# THE TASK
From the listing below, give again exactly the lines from the line with "Corrugated iron steam yacht postcard (Front)" to the line with "OK license plate 593AGG", ends included, without any pictures.

# SOURCE INFORMATION
=== Begin Enclosure ===
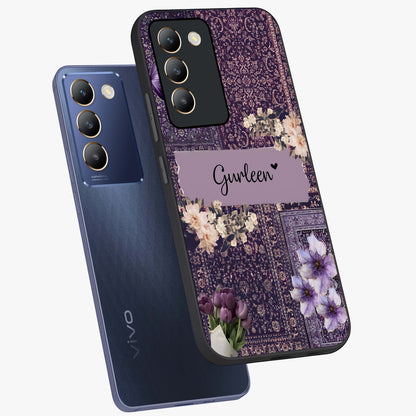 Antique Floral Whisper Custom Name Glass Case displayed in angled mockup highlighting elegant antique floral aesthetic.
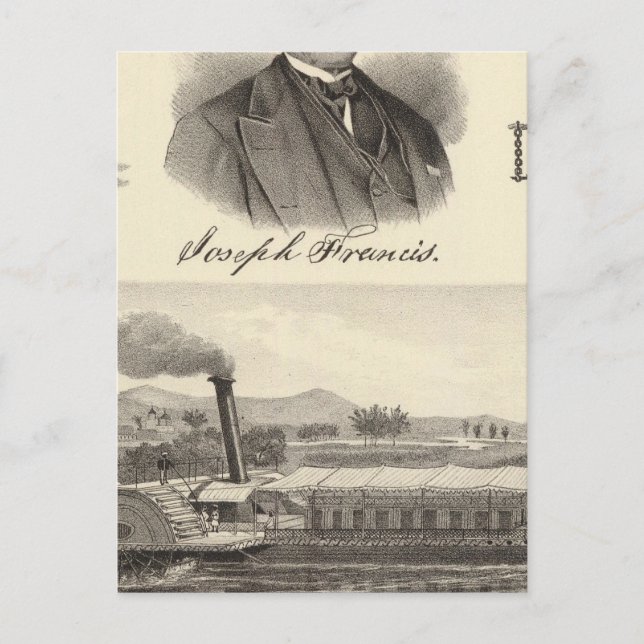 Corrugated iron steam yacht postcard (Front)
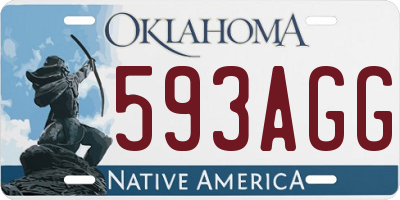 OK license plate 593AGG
=== End Enclosure ===
=== Begin Enclosure ===
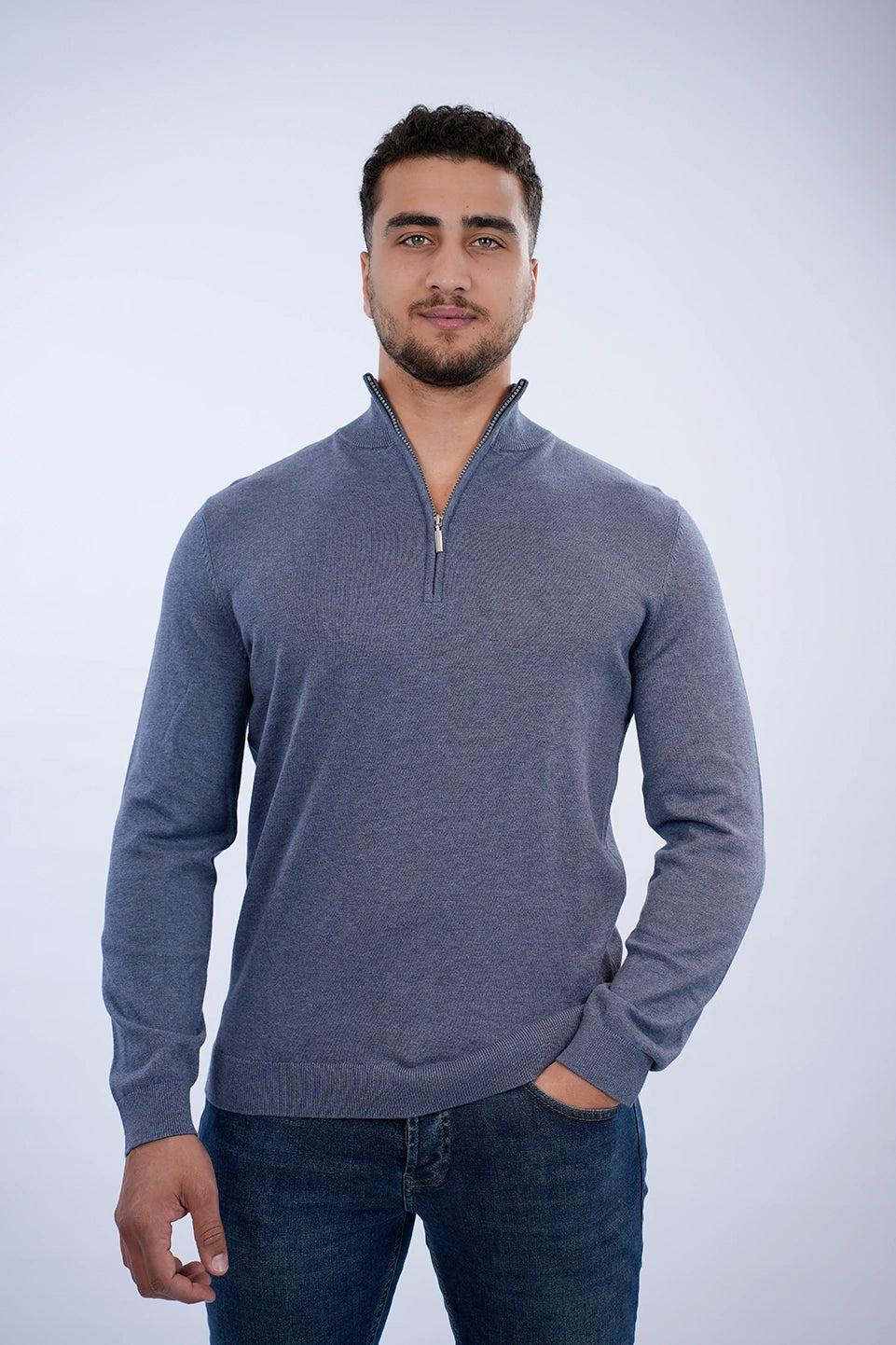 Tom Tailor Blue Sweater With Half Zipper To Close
=== End Enclosure ===
# RESULT OF THE EXERCISE
 Corrugated iron steam yacht postcard (Front)
 OK license plate 593AGG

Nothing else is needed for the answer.